= Samba spy scandal =

Scandal by Indian Army

The Samba Military Spy Scandal was a Cold War military intelligence program which eventually emerged as a scandal in 1979. According to the Indian Army, the military program was run by the MI of Pakistan to seek information on the Indian Army's deposition in Western India. The Indian Army and associated intelligence agencies led the arrest of 50 active duty Army officers and personnel on suspicion of working for the Military Intelligence of the Pakistan Army from Samba in the former state of Jammu and Kashmir. Samba, Jammu is a sleepy town in the Jammu region bordering Pakistan. The revelation of scandal led to a serious breach in foreign relations of India and Pakistan.

Between 24 August 1978 and 23 January 1979, 50-odd persons who had worked in the 168 Infantry Brigade and its subordinate units at Samba, 40 km from Jammu on the international border, were arrested on charges of spying for Pakistan at the instance of the Directorate of Military Intelligence (MI). Its investigations involved practically the whole officer cadre of the brigade. Those arrested included a brigadier, three lieutenant colonels, and a number of majors, captains, junior commissioned officers (JCOs), non-commissioned officers (NCOs), and personnel of other ranks, plus 11 civilians who had worked in the Samba sector. They were all taken into custody at the instance of two self-confessed Pakistani spies who worked as gunners in the Indian Army - Sarwan Dass and Aya Singh.

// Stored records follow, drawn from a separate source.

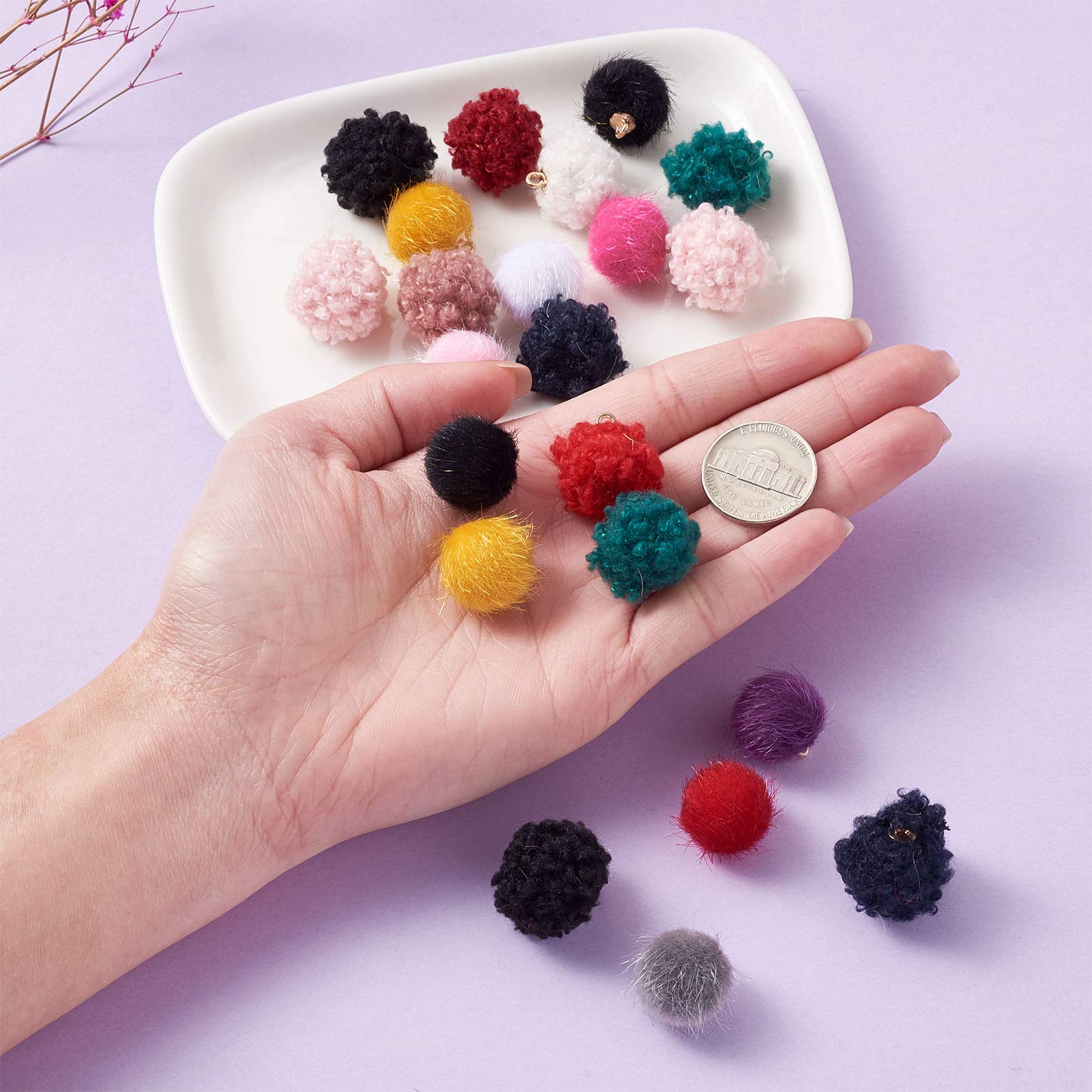 Amazon | Beadthoven ポンポン ボール 約100個 10色 2種類 ファー 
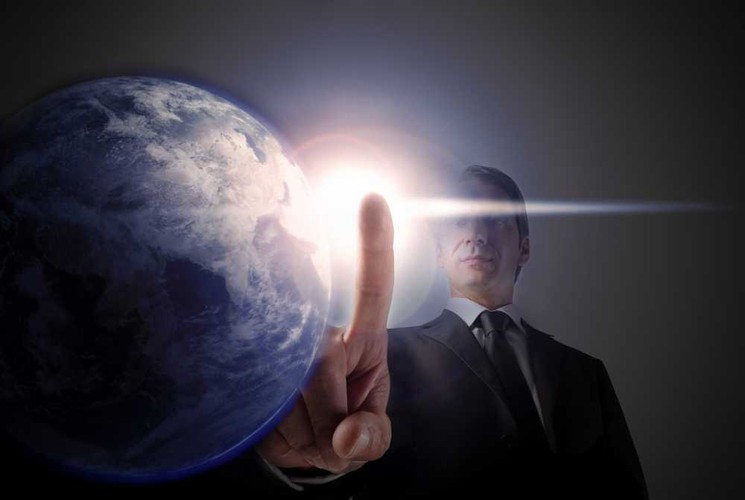 Nie chodzi o obnoszenie się ze swoją rolą, jest jednak bardziej niż prawdopodobne że swoją pozycję zawdzięczasz swojemu dotychczasowemu doświadczeniu i sukcesom. Pamiętaj, że to ty kontrolujesz sytuację. – Nie należy pozwolić, by ktokolwiek wchodził w naszą rolę i narzucał rozwiązania co do których nie mamy przekonania – radzi Michał Środa, ekspert ds. rekrutacji GoWork.pl. Przygotuj dobrze przemyślany plan naprawy sytuacji po czym go przeprowadź.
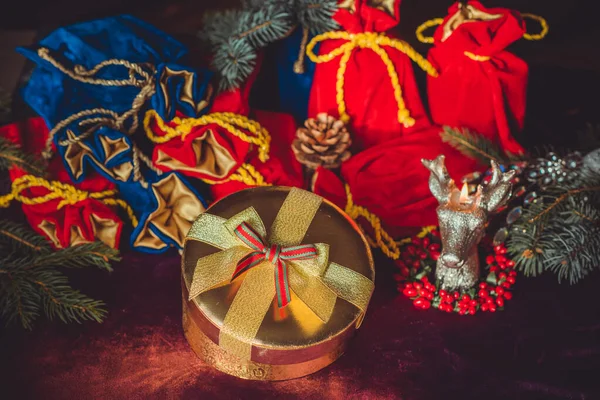 Handgefertigte Weihnachtsgeschenke Handarbeit Schachtel Urlaubskonzept Schöne Geschenke Für Familie Und — Stockfoto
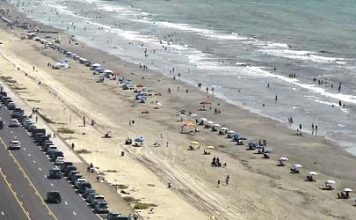 Babe's Beach Live Stream Cam Galveston, Texas New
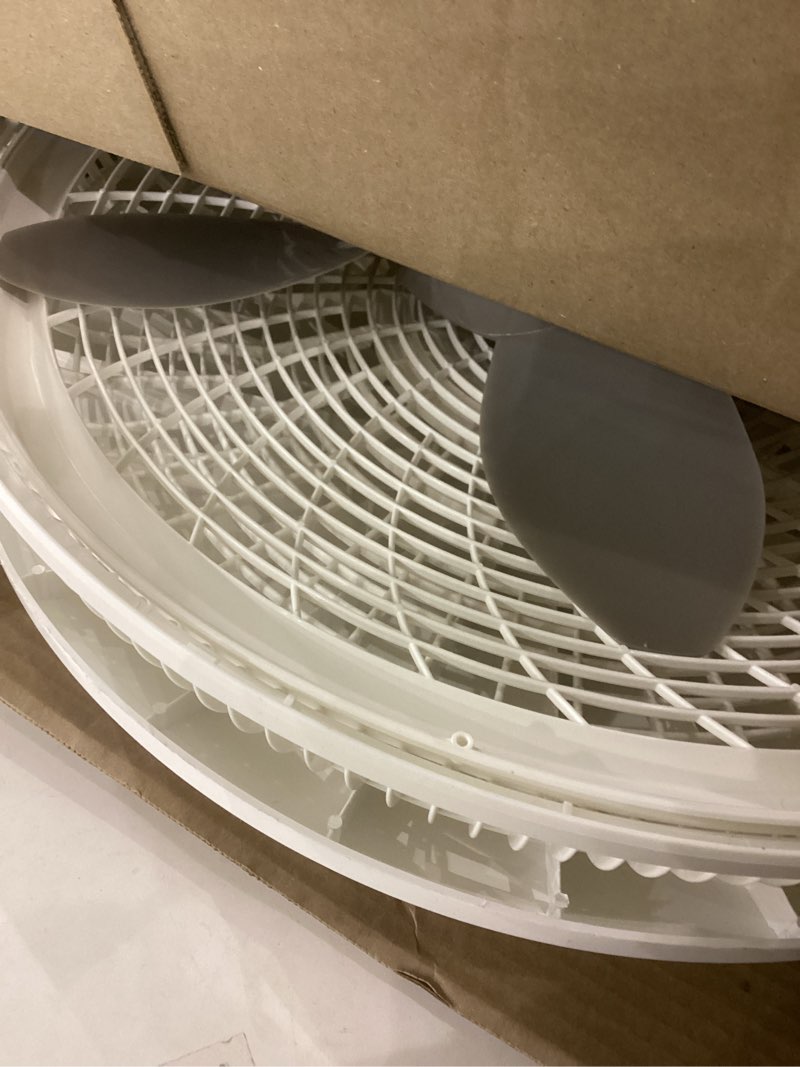 Lasko 18” remote pedestal fan 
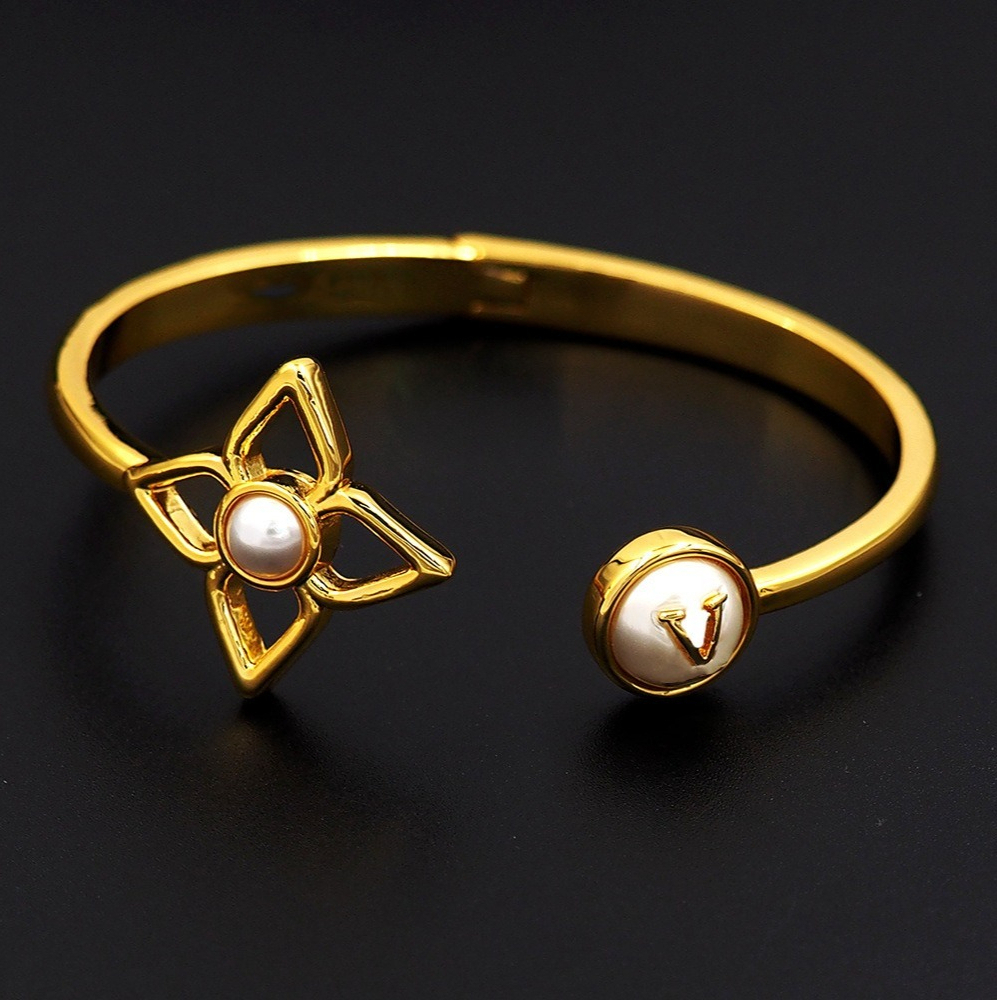 V Letter Hollow Four-leaf Clover Designer Bracelet Pearl Open Bracelet For Womens Flower Pearl Open Bangle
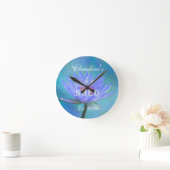 彼女が青い睡蓮の時計の色合いを落とした ラウンド壁時計 (ホーム)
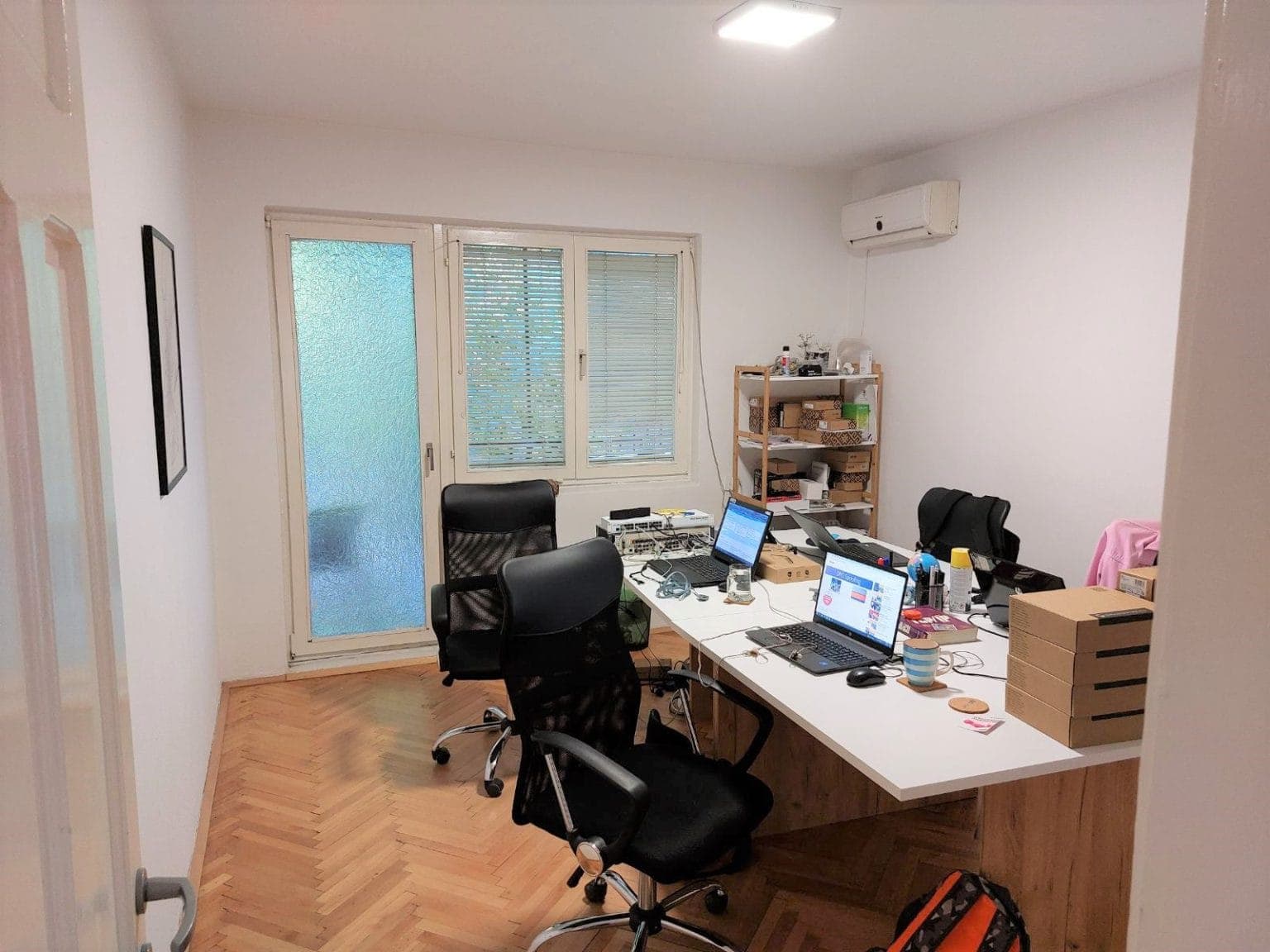 Деловен простор 170м2 во Дебар Маало - За Изнајмување - Центар - Слика 3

== Guilty or not guilty ==
The whole story, written by A. G. Noorani, was published in Frontline. The book The Price of Loyalty, written by Captain Ranbir Singh Rathaur, is a first hand account of the brutal and inhuman torture inflicted on the officers and men who were falsely implicated in the Samba Spy Case. In 2018, Major Nirmal Ramchand Ajwani, Major A K Rana, Captain Diwan, Captain R S Rathore, and Captain J S Yadav, claimed that they were framed under manipulated documentation and military intelligence power abuse, and demanded an independent probe.

== Court proceeding ==
The Delhi High Court gave judgement in favour of the accused but the Supreme Court overturned the Delhi High Court's judgement. The accused lost their case in the Supreme Court of India on 6 March 2014. But they kept moving to courts for justice. In 2019, over 40 years of the alleged scandal, the Delhi High Court, sought a response from the Government of India following a petition filed by former Captains, Ashok Kumar Rana and Ranbir Singh Rathaur.

== Controversies ==
The Samba spy scandal still remains a controversial issue. In December 1994, Sarwan Das swore an affidavit and appeared at a press conference to admit that he had falsely implicated the men. In December 1990, Aya Singh was killed while crossing the India-Pakistan border. The falsely implicated victims received justice only in December 2000, and not full either.

According to Major Navdeep Singh, the entire case is a debacle as the case was based on Aya Singh's statement where Singh claimed Captain Nagial was the initiator of the scam but a Court Martial acquitted Captain Nagial. Major Singh also brought some major issues of the case; including: Aya Singh, who was killed while trying to cross Indo-Pak border, can not be a reliable witness; Havildar Ram Swarup's confessional statement also built the case while Ram Swarup died of torture after interrogation; Swaran Dass made an under oath statement in 1994 in which Dass was forced to implicate innocent army personnel. Major Singh also raised a statement, "When the foundation itself was faulty, there was no reason for proceeding in the matter."